The variability of rock properties is important in estimating the probability of success for a prospect. Figure 6c shows the standard deviation of water-filled-sand velocities at 10,000 ft (3050 m) below the sea floor. This is one indicator of the variability of sand properties at this depth. Similar volumes can give actual measurements of the variability of other properties used for estimating probable reserves for a prospect.  

At a simpler level, the interpreter may need to know whether an observed change in amplitude at an apparent fluid contact is compatible with a change from water to oil. This question could be answered by comparing the difference in values from an oil sand reflectivity volume and a wet sand reflectivity model with the change in amplitude observed in the real seismic data in an intercept stack volume. This would be a deterministic solution analogous to the probabilistic solution described by Denham and Johnson (2006).  

On an even more basic level, a gross overview can be quickly accessed, with mud weight (Figures 3a and 3b), for example, showing regional variations in geopressure at any depth.

 

Conclusions 

By combining two universally-used exploration tools – well logs as actual measurements of rock properties, and workstations for viewing three-dimensional data volumes – the explorationist can improve productivity and reduce risk by making better use of existing data. The missing link between the two tools is the uniformly-sampled data volume in a standard format, generated from irregularly-scattered well data.

 

References 

Barry, K.M., Cavers, D.A., and Kneale, C.W., 1975, Report on recommended standards for digital tape formats: Geophysics, v. 40, no. 2, p. 344–352.

Denham, L.R., and Johnson, D., 2006, Estimating probability of hydrocarbon content from seismic amplitude anomalies: Soc. Explor. Geoph. 76th Annual Meeting, INT3.3.
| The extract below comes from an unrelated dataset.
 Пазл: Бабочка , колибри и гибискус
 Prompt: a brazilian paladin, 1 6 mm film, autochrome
Gassmann, F., 1951, Elastic waves through a packing of spheres: Geophysics, v. 16, no. 4, p. 673–685.

Greenberg, M.L., and Castagna, J.P., 1992, Shear-wave velocity estimation in porous rocks: Theoretical formulation, preliminary verification and applications: Geophys. Prosp., v. 40, no. 2, p. 195–210.
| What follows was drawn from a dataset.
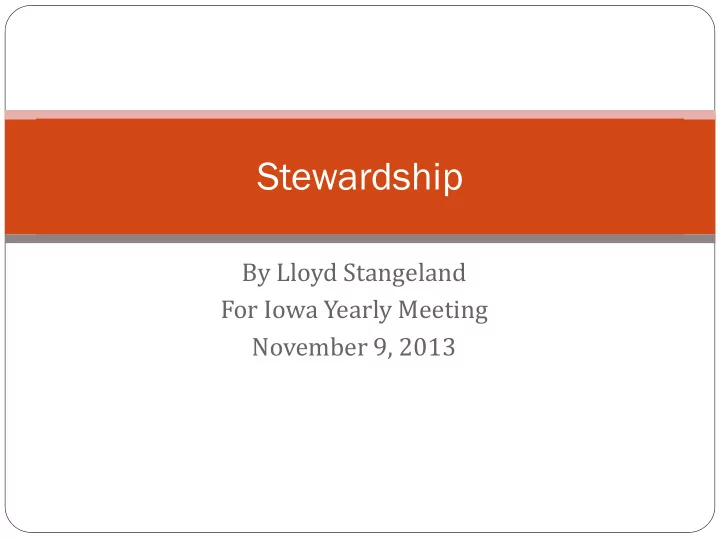 stewardship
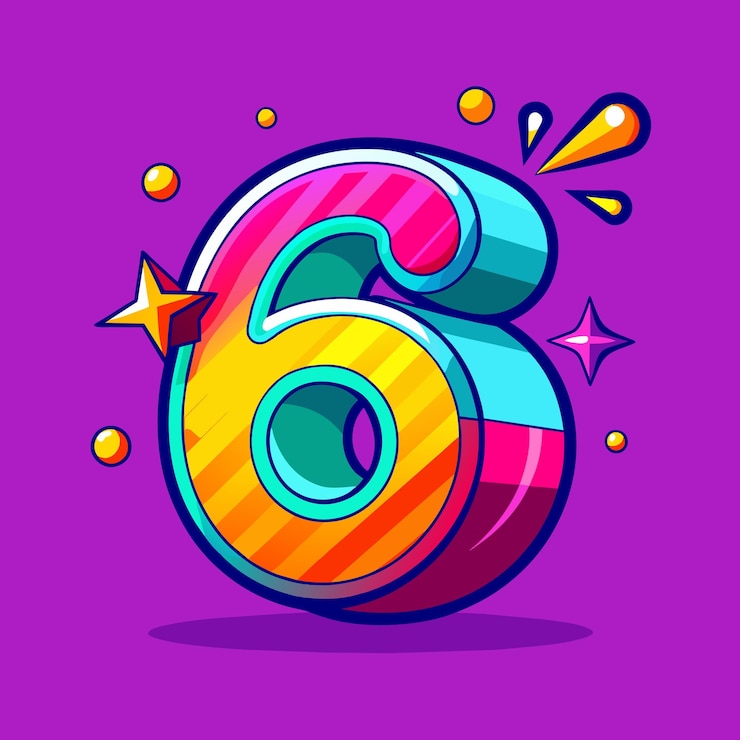 Vector 6または 6の数字番号 3d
Hilterman, F., Sherwood, J.W.C., Schellhorn, R., Bankhead, B., and DeVault, B., 1998, Identification of lithology in the Gulf of Mexico: The Leading Edge, v. 17, no. 2, p. 215–222.

Hilterman, F., Verm, R., Wilson, M., and Liang, L., 1999, Calibration of rock properties for deepwater seismic: 69th Ann. Internat. Mtg, p. 65–68.

Hilterman, F., 1990, Is AVO the seismic signature of lithology? A case history of Ship Shoal-south addition: The Leading Edge, v. 9, no. 6, p. 15–22.